You go. I will go. Time to go. It’s get up and go time.
Abraham just left his birthplace during last week’s parasha, Lech L’cha. Now in Chaye Sarah, it’s Rebecca’s turn. There’s a lot to like about Rebecca. She is a pretty decisive woman. She makes her choices and sticks with them. But first, a little background.
Abraham has asked his trusty servant, known as Eliezer, to go back to the old country and get a wife for his son Isaac. Under no circumstances is the woman to come from the Canaanites. There are a lot of verbs in this section – Rebecca is a busy girl. She goes, she lifts, she runs, she waters, she draws (water), she runs some more. It reminiscent of the section last week when Abraham was welcoming his visitors; he ran, hastened, took, bowed, prepared – all in a couple of sentences.
All this busy-ness catches Eliezer’s eyes, and he suggests to her than he should come home to her family and ask them for her hand in marriage, on behalf of his master’s son, Isaac. The family is in favor of the match, but ultimately, it is Rebecca’s choice. “Elech. I will go”
And so one word ensures the continuation of the people, the promise God made to Abraham.
Jewish life is a life of verbs. We do. We do and hear, as we read in Exodus 24. Jewish life goes beyond Jewish learning. Jewish life is Jewish living, emphasis on the –ing.

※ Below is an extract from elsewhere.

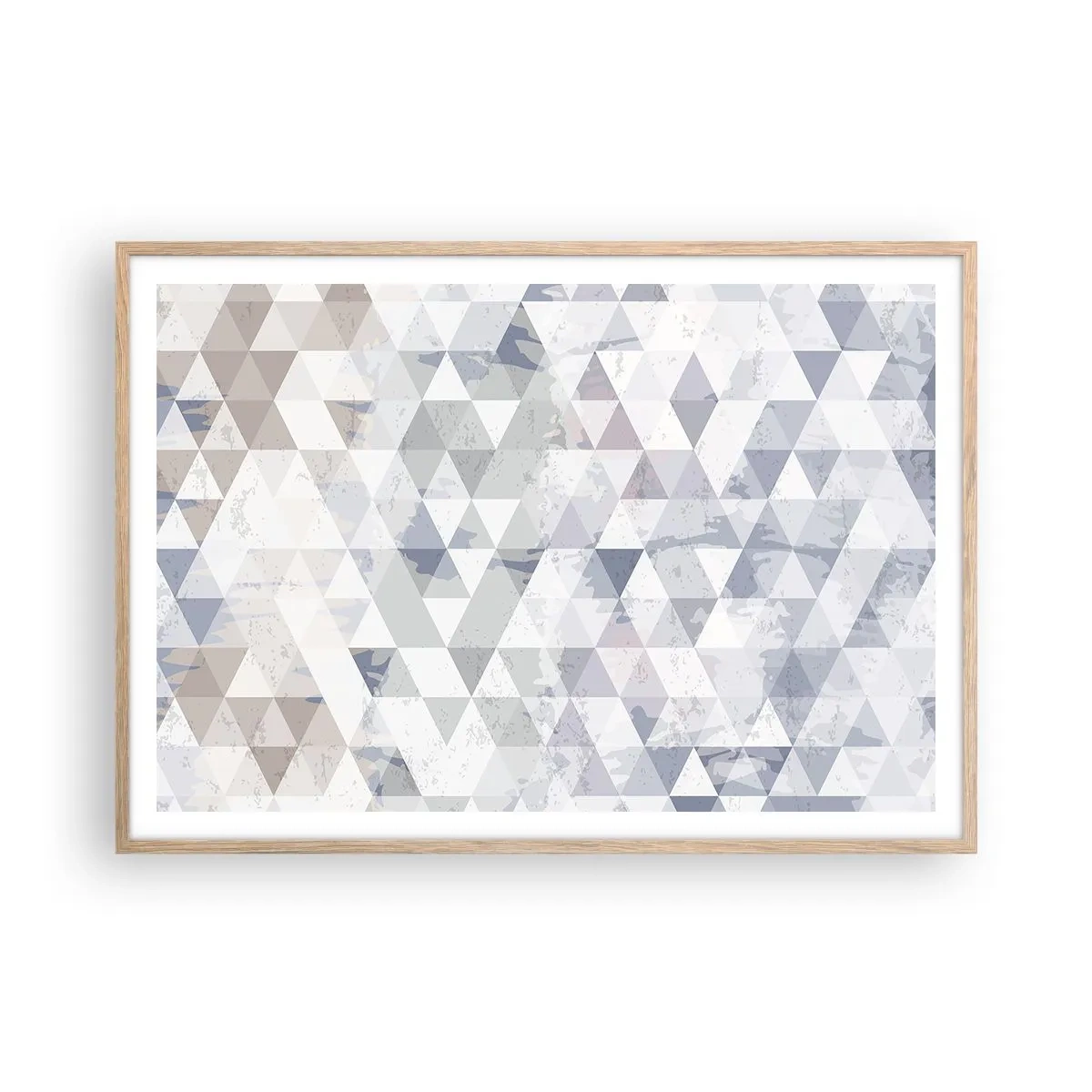 Affisch i ram av ljusek - Trianglar - 100x70 cm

This weekend is the ultimate Chicago experience of Jewish living, Limmud Chicago. This is the annual festival of Jewish learning, taking place Nov 15, 16 in Skokie IL. (I’m posting this a bit early, so you have enough time to register; pre-registration closes Wednesday, but you can always walk in the day of, but it’s a little more cost.) But it’s not just learning – it’s all the verbs that go with the learning: sharing, exploring, stretching your horizons, running (to the next session) , sitting, talking (with the interesting person you just met in a session), connecting, and building. And just as Rebecca’s one word, “elech, I will go” ensured the future, moving from clan to community, Limmud does the same. The whole community gathers, regardless of denomination, affiliation, background, knowledge or profession. Not only professionals teach, and everyone is a learner. There is no other opportunity like this, an experience based on respect, empowerment, volunteerism and passion. A community that learns like this ensures the an engaged, active future. I really believe that, because when a community cares, a community survives.

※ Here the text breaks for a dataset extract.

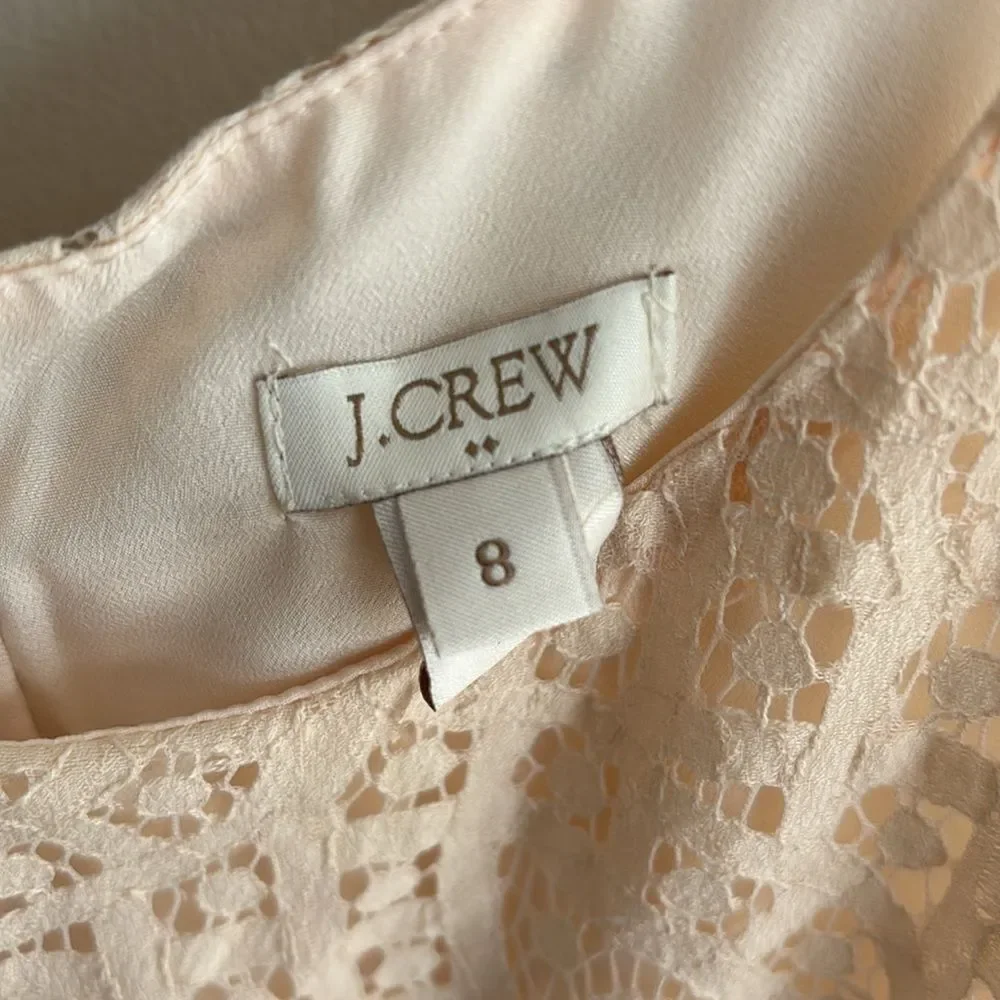 J. Crew Cream Lace Dress size 8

These are not just words, just as “lech l’cha” and “elech” are not just words. They stand for movement, moving forward into a future. Rebecca grabbed her chance to make a difference. You can do that too by coming to Limmud Chicago this weekend, making a difference in your own Jewish life. Josh Nelson and Neshama Carlebach will lead Havdalah, and will join other invited presenters like Joel Grishaver, Amichai Lau Laie, and Yaffa Eptstein. The rest of the 70-ish presenters? People like you and me….people who have something to share. Check out the program. If you can’t find a handful of sessions you’d like to experience, well then….actually, I’ve never known anyone who didn’t.
Limmud Chicago is one of over 60 cities around the world, hosting events just like this. Limmud lives by this goal: Wherever you are on your Jewish journey Limmud will take you one step further. Motion forward, full of verbs. Join hundreds of other members of the community at Limmud Chicago. See you there.